Walter Cazzola wrote:
> Dear all,
> waiting for some hints on my other issue for functors and generic I was
> playing with an enumerate function (with tail recursion):
> 
>    let rec enumerate ?(l':((int * 'a) list)=[]) ?(n=0) l =
>      match l with
>           h::l1 -> enumerate (l'@[(n,h)]) (n+1) l1
>      |  [] -> l'
> 
> this should just take a list and return a list of couple whose first entry
> is the position in the list of the element; to be clearer:
> 
>    enumerate ['a'; 'b'; 'c'] -> [(0,'a'); (1,'b'); (2,'c')];
> 
> but this doesn't work as by type mismatch:
> 
>   Error: This expression has type (int * 'a) list
>          but an expression was expected of type 'a list

I think it's probably something to do with optional arguments not behaving as 
you expect.
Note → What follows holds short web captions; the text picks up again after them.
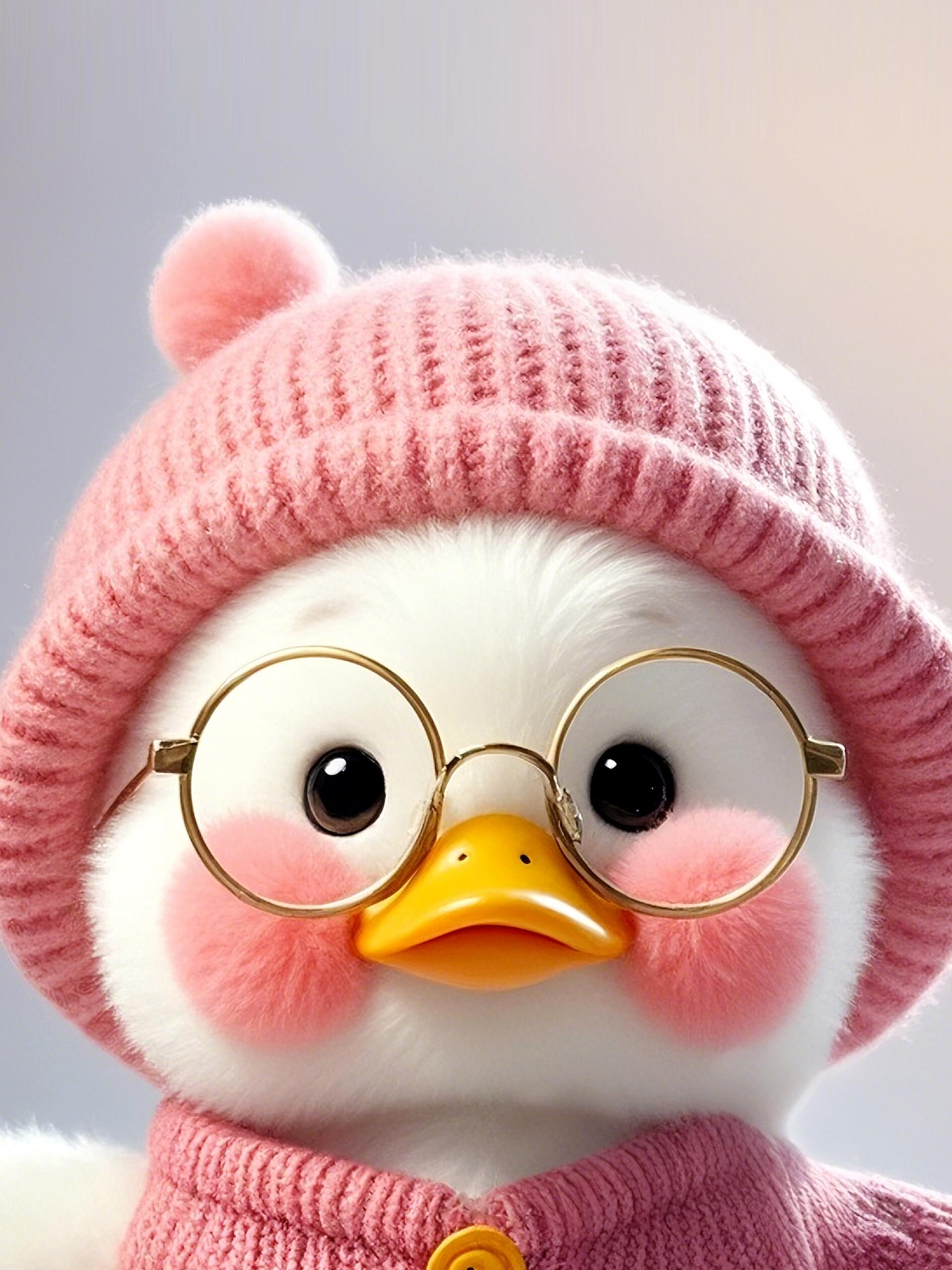 图案原创|🌸🌸鸭鸭壁纸🉑授权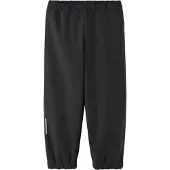 Reima - För barn under 6 år - Oikotie Softshell Pants Black för UnisexSoftshell - Barnstorlek 6 år - Svart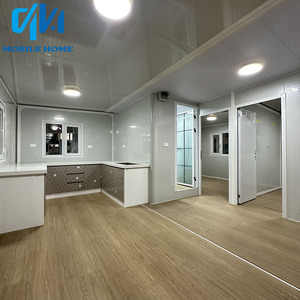 منزل Qinghong مع ألواح فولاذية وساندوتشات حديثة من أصل خبى وبنية صلبة ضمان لمدة 5 سنوات - Product Image 3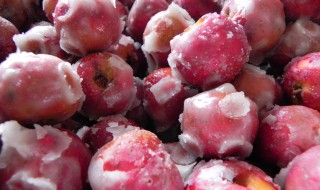 白霜山楂怎么保存（糖霜山楂怎么保存）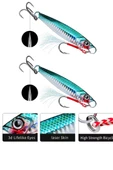 Jig Yem 2 Adet Rapala Lures Yapay Yem Suni yem 21Gr 7cm Lrf Spin Avı Yem Asist KancalıYem - 2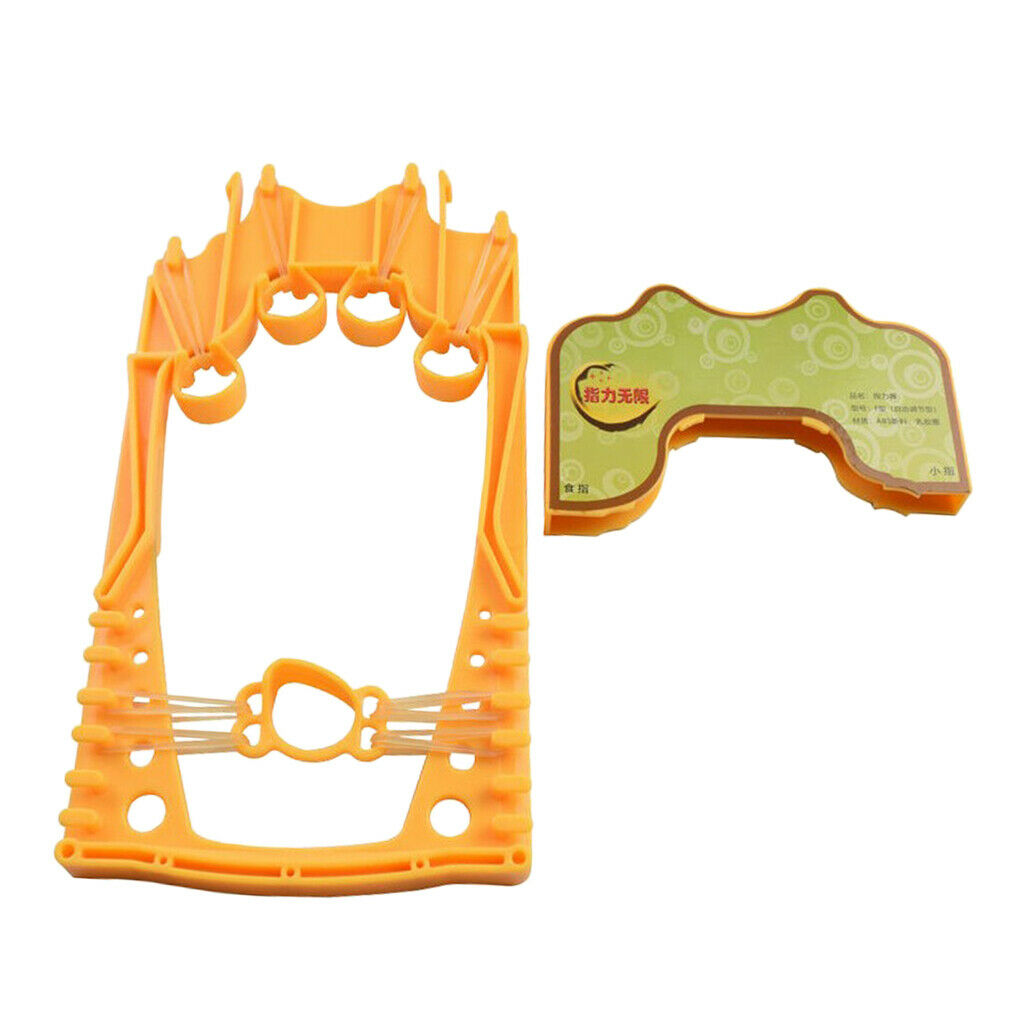 Hand Grip Strengthener Workout, Adjustable Resistance Hand Strengthener, Finger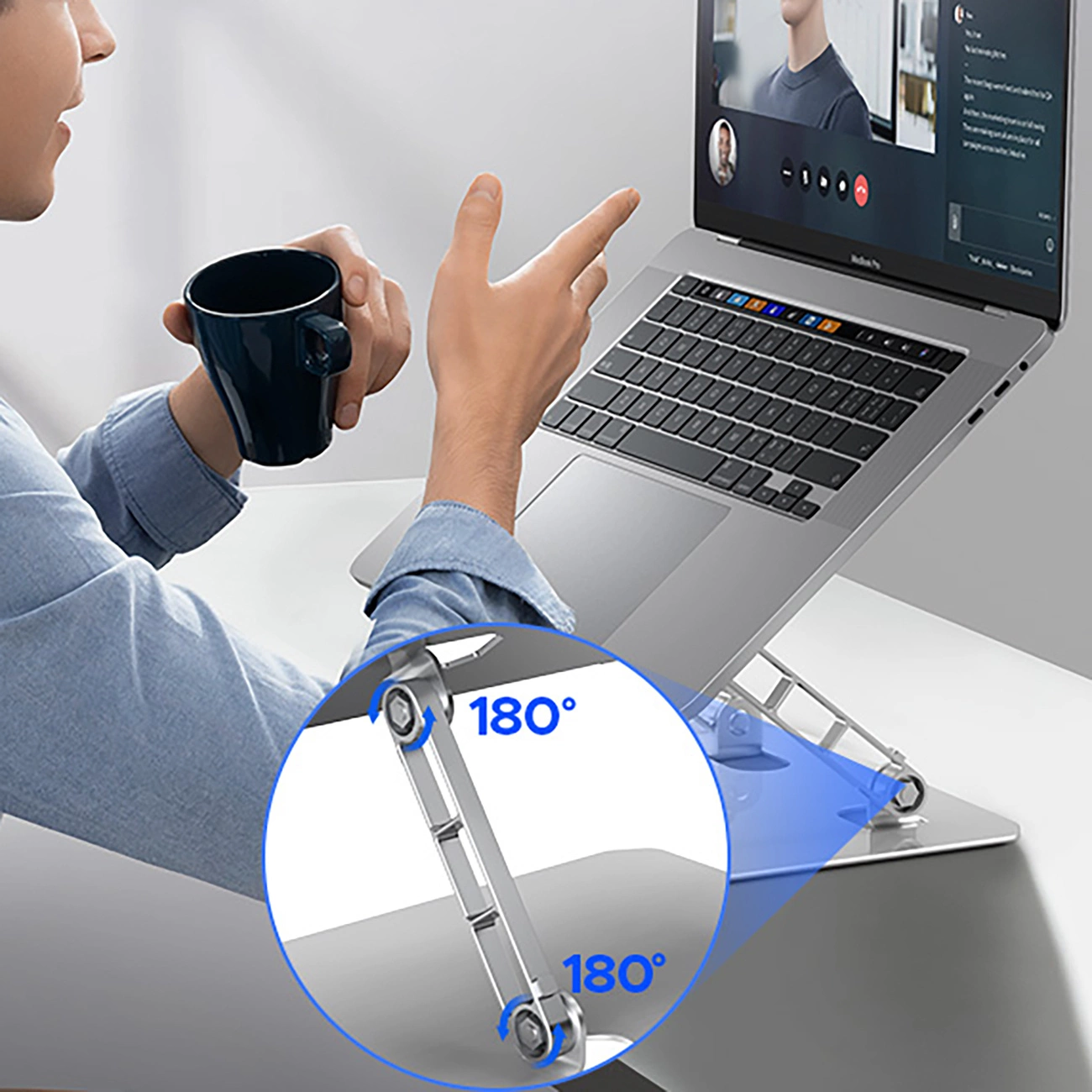 پایه نگهدارنده لپ تاپ اوریکو LST021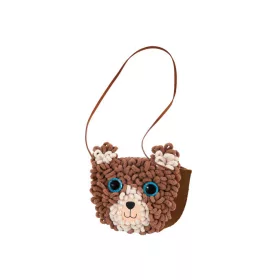 Táska készítés varrással és horgolással, Maci Avenir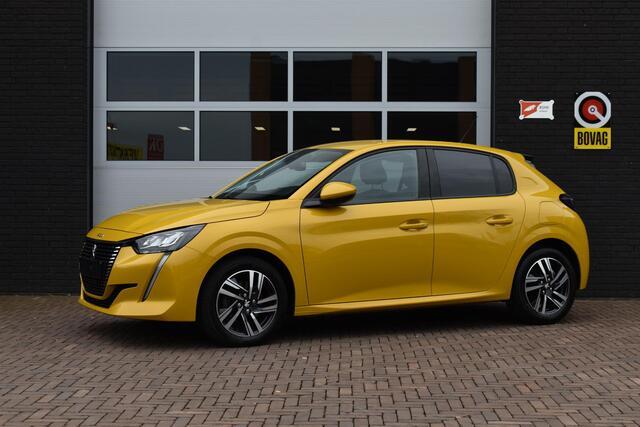 Peugeot 208 1.2 PureTech 100PK Allure Pack | Carplay | Camera | Stoelverw. | Keyless | Incl. garantie
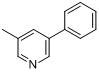 3-甲基-5-苯基吡啶;甲基苯基吡啶分子式结构图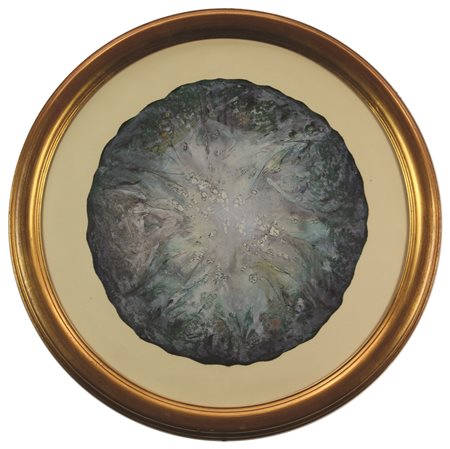 Domizio Mori, Cupole e Icone Profane, 1989, tecnica mista su cartoncino,...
But this is a bad use for optional arguments - you should instead 
use a nested function to pass the accumulator values. This works fine:

let enumerate l =
  let rec enumerate acc n = function
    h::ls -> enumerate ((n, h)::acc) (n + 1) ls
  | [] -> List.rev acc
  in
    enumerate [] 0 l

Concatenating lists is also expensive in terms of the left list so your 
function is about as slow as possible! Much better when aiming for tail 
recursion, accumulate a reversed list and then reverse it in the basis case.